In this short and sweet Q&A the EU Commission announces that the budget for promotion measures aimed at the Chinese market will be more than doubled by 2019. Moreover, something seems to be in the pipeline for a GIs protection bilateral agreement.
Question for written answer to the Commission – Matt Carthy (GUE/NGL) – 26th June 2015
What actions has the Commission taken to increase the penetration of European dairy, pigmeat, lamb and other agricultural exports on the Chinese market in a fair and sustainable manner?
Answer given by Mr Hogan on behalf of the Commission – 31st August 2015
Different actions and measures are put in place to stimulate trade in agricultural products. The Commission services are paying particular attention to trade in agricultural products from the EU to China. DG SANTE and DG AGRI officials are in permanent contact with the Chinese authorities to clarify the current standards and different requirements and to decide on next steps necessary to ensure a fair and sustainable trade between the two sides.
The Commission is also supporting the diversification of export markets for EU agricultural exports via a significantly increased budget for promotion measures — from EUR 60 million to EUR 200 million a year by 2019.
In addition, the EU is currently negotiating with China a bilateral agreement on the protection of geographical indications (GIs), aiming at a protection in China of a list of EU GIs. One hundred names for agricultural products, including dairy and meat products are currently on that list. A positive conclusion of these negotiations would further support the EU’s efforts to maximise trade in agricultural products between the EU and China.
(Source: European Parliament)
3 thoughts on “EU agricultural export to China and GIs protection”
Do you believe that the most contested issue and one that needs to be updated & easily accessible in major trade languages English, Chinese & Spanish are the CURRENT customs regulations?
Unfortunately, the Chinese Government may believe they have all the rules and regulations in a manifest on their private website.
However, is it or is it not true that the biggest issue every country exporting to China has is verifying the “declared & the Undeclared Customs rules so that their products can be accepted in a timely and less costly manner.
Surely these rules & regulations must be the same for all ports.
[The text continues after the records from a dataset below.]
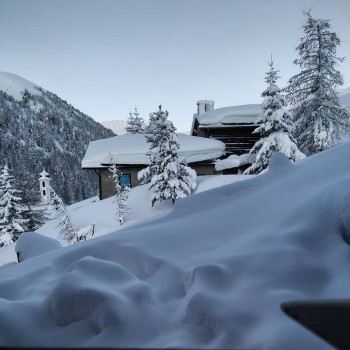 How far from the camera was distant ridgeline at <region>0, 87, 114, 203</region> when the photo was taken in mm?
84188

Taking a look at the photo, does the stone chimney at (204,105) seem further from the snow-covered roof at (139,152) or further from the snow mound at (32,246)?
the snow mound at (32,246)

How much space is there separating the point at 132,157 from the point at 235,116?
9.11m

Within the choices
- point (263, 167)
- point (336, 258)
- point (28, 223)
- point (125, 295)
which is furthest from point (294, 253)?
point (28, 223)

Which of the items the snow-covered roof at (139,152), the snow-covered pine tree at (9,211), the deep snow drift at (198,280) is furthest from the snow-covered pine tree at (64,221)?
the deep snow drift at (198,280)

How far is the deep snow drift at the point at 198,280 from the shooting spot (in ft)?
4.96

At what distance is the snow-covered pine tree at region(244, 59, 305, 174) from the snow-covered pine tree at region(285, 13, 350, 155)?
3638 millimetres

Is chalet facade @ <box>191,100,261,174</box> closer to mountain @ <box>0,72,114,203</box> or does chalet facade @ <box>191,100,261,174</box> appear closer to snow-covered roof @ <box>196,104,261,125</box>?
snow-covered roof @ <box>196,104,261,125</box>

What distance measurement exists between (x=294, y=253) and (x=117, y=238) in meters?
1.67

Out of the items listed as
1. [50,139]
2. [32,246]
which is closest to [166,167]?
[32,246]

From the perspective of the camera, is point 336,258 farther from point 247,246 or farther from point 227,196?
point 227,196

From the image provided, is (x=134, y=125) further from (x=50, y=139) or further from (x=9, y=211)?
(x=50, y=139)

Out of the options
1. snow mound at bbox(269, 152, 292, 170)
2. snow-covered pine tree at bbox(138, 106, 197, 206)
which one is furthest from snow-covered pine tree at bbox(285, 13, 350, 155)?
snow mound at bbox(269, 152, 292, 170)

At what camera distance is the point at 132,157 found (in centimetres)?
1970

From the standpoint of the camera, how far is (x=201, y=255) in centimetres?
230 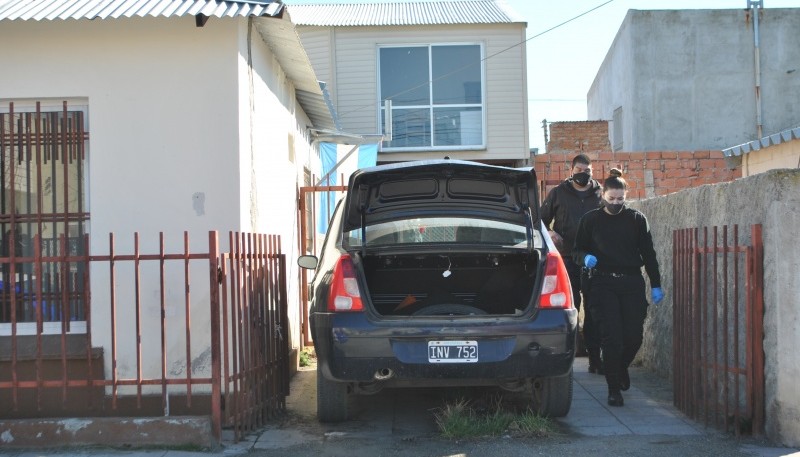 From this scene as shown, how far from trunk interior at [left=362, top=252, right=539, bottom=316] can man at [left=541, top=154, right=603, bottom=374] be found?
5.30ft

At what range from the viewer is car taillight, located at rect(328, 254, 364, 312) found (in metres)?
4.98

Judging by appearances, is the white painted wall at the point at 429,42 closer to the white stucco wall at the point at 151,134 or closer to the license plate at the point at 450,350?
the white stucco wall at the point at 151,134

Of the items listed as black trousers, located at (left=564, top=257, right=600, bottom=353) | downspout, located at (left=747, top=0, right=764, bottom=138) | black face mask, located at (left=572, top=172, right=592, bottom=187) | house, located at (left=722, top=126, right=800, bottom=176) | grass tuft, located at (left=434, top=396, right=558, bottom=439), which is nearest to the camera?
grass tuft, located at (left=434, top=396, right=558, bottom=439)

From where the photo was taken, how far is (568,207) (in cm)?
755

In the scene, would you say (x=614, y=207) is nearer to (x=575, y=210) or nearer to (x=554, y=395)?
(x=575, y=210)

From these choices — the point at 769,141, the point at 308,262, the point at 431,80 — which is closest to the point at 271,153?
the point at 308,262

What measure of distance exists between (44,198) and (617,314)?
451 centimetres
Moreover shouldn’t these rules & regulations be lodged in an accessible website that can be shared publicly?
Of course if this were to happen maybe China would not be a dumping ground for the “cheap” products unwanted in other parts of the world. As the sellers can afford the customs charges to get their goods through.
Is it possible for ALL export shipments to be correctly documented, detailed in the format required, with prearranged fees & charges so that all agents can get their customer’s goods through within a time frame that does not harm the food products?
Indeed I know that is not easy to export to China due to custom practices. Moreover it often happens that some categories of products are affected by trade “wars” between China and EU (do you remeber the issue with Chinese solar panel and EU wine?). Anyway, countries like Russia or Brazil are absolutely not easy, it’s not a Chinese unique prerogative: the custom practices also are not so easy to detect and know in advance, because they are often contained in administrative act and not always translated in English…
Cesare – so you agree that places such as Russia Brazil & China could lower the cost of imported products to the consumer – that are often 90% more healthy than the products they are able to source internally – by rectifying the Customs Regulations & Charges. The savings to Chinese consumers is over 10%!!!!.